Frente a adversários tradicionais
Migne comentou que, diante de adversários mais reconhecidos, será preciso elevar o nível para ter chances concretas. “Podemos ser uma das surpresas do torneio. O futebol é um jogo, e no fim há um perdedor e um vencedor. Se quisermos vencer, temos que marcar gols seja contra qual adversário for”, disse o treinador na entrevista coletiva realizada na sexta-feira (12).
No Grupo C, o Haiti estreia contra a Escócia, em confronto marcado para o Estádio de Boston no sábado (13), às 22h (horário de Brasília). Depois, encara a seleção brasileira no dia 19 e, em seguida, o Marrocos no dia 24. A sequência coloca o Haiti na Copa frente a rivais com trajetórias mais sólidas no futebol mundial, o que aumenta a percepção de zebra, mas também abre espaço para histórias de superação.
Como o Haiti chega ao Mundial
O trabalho da comissão técnica liderada por Sebastien Migne foi destacado pela direção da seleção na preparação para o torneio. Nos meses que antecederam a competição, a delegação tratou de logística e preparação fora de campo, incluindo alimentação e centro de treinamentos: a seleção do Haiti contratou restaurante para refeições na Copa e definiu bases de trabalho durante a estadia nos Estados Unidos, iniciativa relatada por veículos especializados.
Além de ajustes operacionais, a equipe teve alterações de última hora no elenco: o Haiti cortou um meia e convocou substituto a dois dias da estreia, movimento que reforça o caráter de última hora que marcou parte da preparação. Também houve questionamento de uniformes, com a Fifa pedindo alteração na camisa do Haiti por suposta mensagem política, tema que chegou a pautar o período pré-torneio.
Haiti na Copa: roteiro de jogos no Grupo C
- 13/06 — Escócia x Haiti, Estádio de Boston, 22h (Brasília)
- 19/06 — Brasil x Haiti
- 24/06 — Haiti x Marrocos
A partida de estreia terá atenção especial pelo fato de reunir equipes com nomes menos esperados em fases avançadas, ao mesmo tempo em que o grupo também tem um dos favoritos do torneio. A convocação e a preparação física dos jogadores serão observadas de perto para medir a capacidade do Haiti na Copa de competir em alto nível contra adversários com elencos mais prestigiados.
O discurso do técnico
Migne repetiu a mensagem de foco em resultados e na busca por gols. Para o treinador, o reconhecimento internacional dos jogadores é secundário diante da entrega dentro de campo: “Talvez nossos jogadores sejam menos conhecidos, mas o que importa é a marca que você deixa. Esperamos deixar nossa marca nesse torneio”, completou.

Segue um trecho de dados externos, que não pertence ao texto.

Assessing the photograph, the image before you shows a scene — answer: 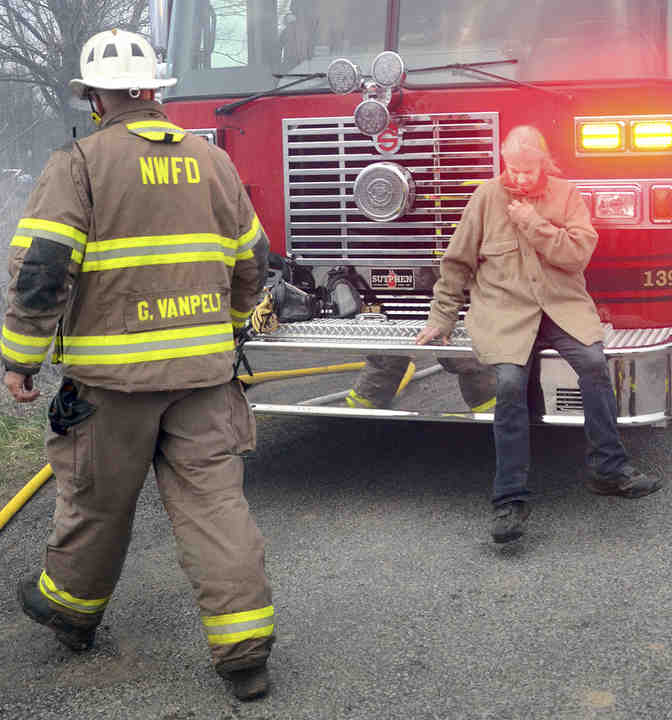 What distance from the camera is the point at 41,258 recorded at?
9.75ft

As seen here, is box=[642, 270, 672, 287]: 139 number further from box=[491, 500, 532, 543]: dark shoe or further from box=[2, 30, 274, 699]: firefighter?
box=[2, 30, 274, 699]: firefighter

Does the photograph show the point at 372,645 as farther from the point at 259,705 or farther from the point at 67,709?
the point at 67,709

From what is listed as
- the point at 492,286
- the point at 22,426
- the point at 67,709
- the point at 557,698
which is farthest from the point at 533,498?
the point at 22,426

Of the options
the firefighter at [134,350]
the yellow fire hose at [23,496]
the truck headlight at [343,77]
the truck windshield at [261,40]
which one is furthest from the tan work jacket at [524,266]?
the yellow fire hose at [23,496]

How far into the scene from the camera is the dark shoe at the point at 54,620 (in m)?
3.29

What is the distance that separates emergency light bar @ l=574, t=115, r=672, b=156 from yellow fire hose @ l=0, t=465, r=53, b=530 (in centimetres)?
257

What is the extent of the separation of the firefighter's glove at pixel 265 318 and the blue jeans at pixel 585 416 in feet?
3.30

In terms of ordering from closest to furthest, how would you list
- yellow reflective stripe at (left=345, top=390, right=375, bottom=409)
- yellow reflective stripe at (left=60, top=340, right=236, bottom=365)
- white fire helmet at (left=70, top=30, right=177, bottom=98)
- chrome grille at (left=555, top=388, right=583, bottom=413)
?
yellow reflective stripe at (left=60, top=340, right=236, bottom=365) → white fire helmet at (left=70, top=30, right=177, bottom=98) → chrome grille at (left=555, top=388, right=583, bottom=413) → yellow reflective stripe at (left=345, top=390, right=375, bottom=409)

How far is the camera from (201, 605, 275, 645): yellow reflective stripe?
3.03 meters

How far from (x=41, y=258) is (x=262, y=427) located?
10.5ft

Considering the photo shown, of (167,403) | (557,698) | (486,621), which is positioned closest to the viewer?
(557,698)

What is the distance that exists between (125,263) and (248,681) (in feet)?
3.79

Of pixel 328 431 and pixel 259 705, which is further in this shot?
pixel 328 431

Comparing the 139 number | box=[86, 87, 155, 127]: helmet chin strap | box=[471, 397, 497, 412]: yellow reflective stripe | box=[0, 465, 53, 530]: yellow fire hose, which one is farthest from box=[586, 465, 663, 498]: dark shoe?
box=[0, 465, 53, 530]: yellow fire hose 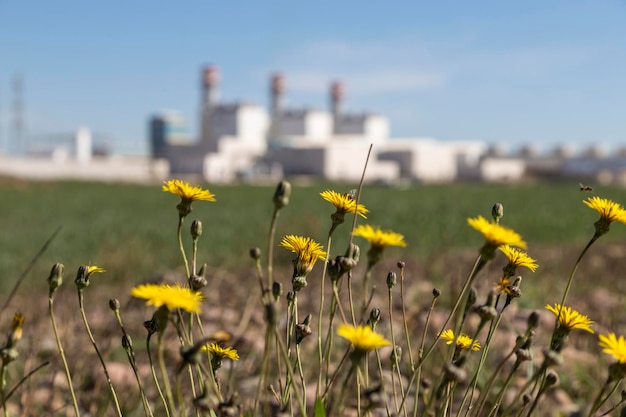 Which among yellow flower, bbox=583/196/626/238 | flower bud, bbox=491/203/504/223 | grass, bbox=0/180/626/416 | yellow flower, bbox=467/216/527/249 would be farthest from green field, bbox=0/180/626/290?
yellow flower, bbox=467/216/527/249

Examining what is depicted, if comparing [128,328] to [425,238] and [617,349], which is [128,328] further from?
[425,238]

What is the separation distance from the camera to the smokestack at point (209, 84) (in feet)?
248

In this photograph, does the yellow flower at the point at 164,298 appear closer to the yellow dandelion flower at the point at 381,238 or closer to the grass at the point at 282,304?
the grass at the point at 282,304

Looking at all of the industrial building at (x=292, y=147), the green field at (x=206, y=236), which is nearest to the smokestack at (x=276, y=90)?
the industrial building at (x=292, y=147)

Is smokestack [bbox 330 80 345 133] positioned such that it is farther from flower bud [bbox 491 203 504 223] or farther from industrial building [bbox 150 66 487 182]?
flower bud [bbox 491 203 504 223]

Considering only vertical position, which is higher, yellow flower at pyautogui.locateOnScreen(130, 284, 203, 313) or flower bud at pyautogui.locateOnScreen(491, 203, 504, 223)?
flower bud at pyautogui.locateOnScreen(491, 203, 504, 223)

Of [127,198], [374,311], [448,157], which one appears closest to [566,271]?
[374,311]

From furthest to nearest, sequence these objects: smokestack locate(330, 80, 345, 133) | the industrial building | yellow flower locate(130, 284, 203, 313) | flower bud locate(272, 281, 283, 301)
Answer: smokestack locate(330, 80, 345, 133) → the industrial building → flower bud locate(272, 281, 283, 301) → yellow flower locate(130, 284, 203, 313)

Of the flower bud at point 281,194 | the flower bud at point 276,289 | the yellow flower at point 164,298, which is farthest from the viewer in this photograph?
the flower bud at point 276,289

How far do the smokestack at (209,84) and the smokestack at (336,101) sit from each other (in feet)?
56.1

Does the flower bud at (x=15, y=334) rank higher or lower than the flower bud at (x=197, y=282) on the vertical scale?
lower

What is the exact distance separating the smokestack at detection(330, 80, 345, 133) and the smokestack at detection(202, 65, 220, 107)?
17084mm

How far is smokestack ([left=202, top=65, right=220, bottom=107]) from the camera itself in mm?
75500

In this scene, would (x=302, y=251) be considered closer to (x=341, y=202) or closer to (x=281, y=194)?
(x=341, y=202)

Em contexto semelhante, torcedores e analistas seguem atentos às escolhas táticas e à escalação que a comissão técnica apresentará para a estreia. A expectativa é de que o time busque compactação defensiva sem abrir mão de transições rápidas, estratégia comum a seleções que entram como underdog em grupos com favoritos.
Repercussão e preparação final
Nos dias finais antes do torneio, a delegação do Haiti concentrou atividades preparatórias e definiu detalhes logísticos. A cobertura sobre a última fase de preparação incluiu relatos sobre acampamento em Nova Jersey e treinamentos em centros de apoio, passos importantes para ajustar a equipe.
Para leitores interessados em acompanhar contextos e informações práticas sobre a seleção haitiana, o portal publicou matérias sobre a preparação e mudanças no elenco que ajudam a entender o cenário do país no Mundial, como a notícia sobre a contratação de restaurante para refeições, a troca de jogador no elenco e o episódio envolvendo a camisa.
Mais do que números, a presença do Haiti na Copa reforça a diversidade do torneio e a possibilidade de surpresas. O técnico e a delegação trabalham para transformar expectativa em desempenho dentro de campo, buscando gol e resultados que possam deixar uma marca nesta edição do Mundial.
Para acompanhar outras reportagens relacionadas à preparação haitiana, veja as matérias sobre a contratação de restaurante pela seleção do Haiti, o episódio em que o Haiti cortou um meia e convocou substituto pouco antes da estreia e a reportagem sobre a alteração pedida pela Fifa na camisa do Haiti.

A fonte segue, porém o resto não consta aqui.